Designed to block sexual transmission of the virus, the gel could provide vital protection for women in poorer countries where condom use is erratic.

In the first phase of trials, the substance — dolabelane diterpene, derived from the algae Dictyota pfaffii found off the coast of Brazil — stopped 95 per cent of HIV replication in immune system cells.

"We will certainly obtain a final product with efficiency higher than 50 per cent," said lead researcher Luiz Castello Branco, of the Oswaldo Cruz Institute, Brazil.

The researchers hope the gel will be available in seven years, after two more rounds of testing. The second phase is due to begin in February.

Effective microbicides mean women can act independently to protect themselves against HIV/AIDS. This is particularly important in poorer countries, where infection is on the rise but cultural norms prevent them from asking their partner to wear a condom.
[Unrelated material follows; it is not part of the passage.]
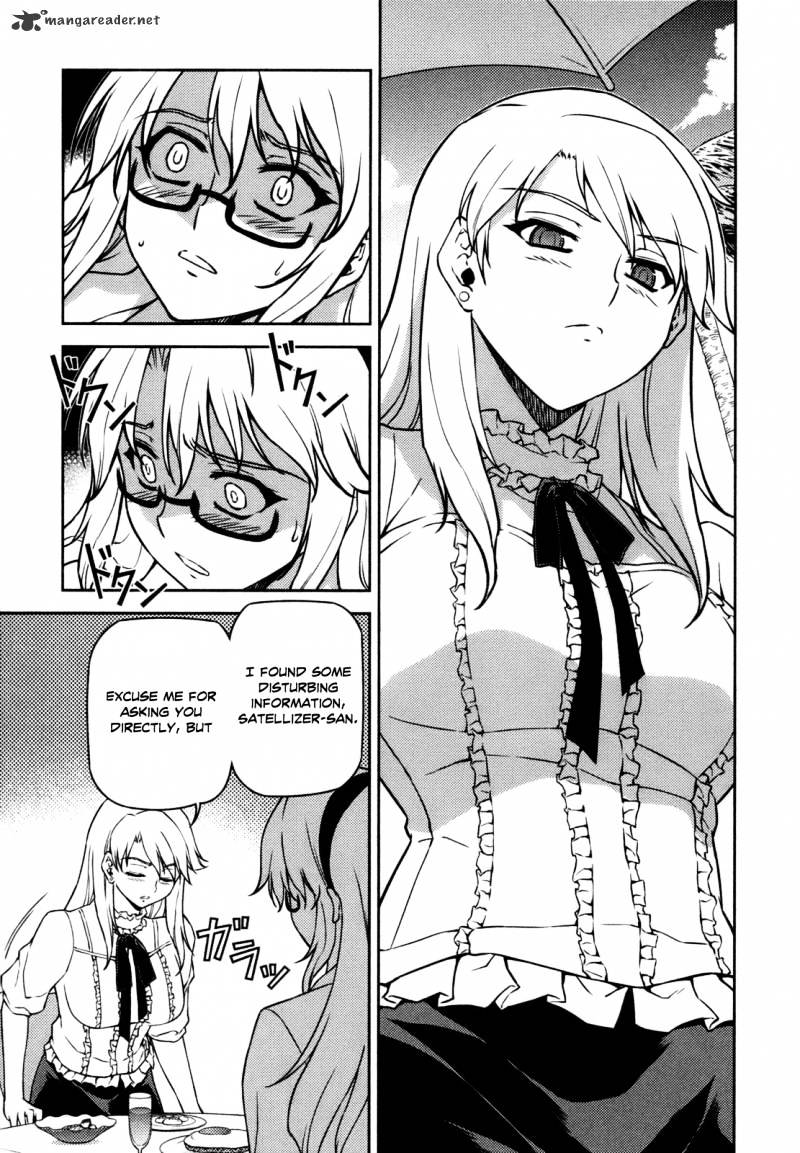 Read Freezing chapter 43 image 22 on Lezhin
"Women can use the gel without the knowledge of their partner," said Branco, who believes the method could help reduce the incidence of HIV/AIDS in areas such as Central and Southern Africa where the disease is rampant.

The new gel has a double action, inhibiting two enzymes involved in virus replication and infection of other cells. Branco believes the gel will have few side effects, since it is a natural product and will be used topically.

The researchers hope to make the gel as affordable as possible for developing countries.

Other microbicides, currently being trialed in Europe and North America, are expected to be available within five years.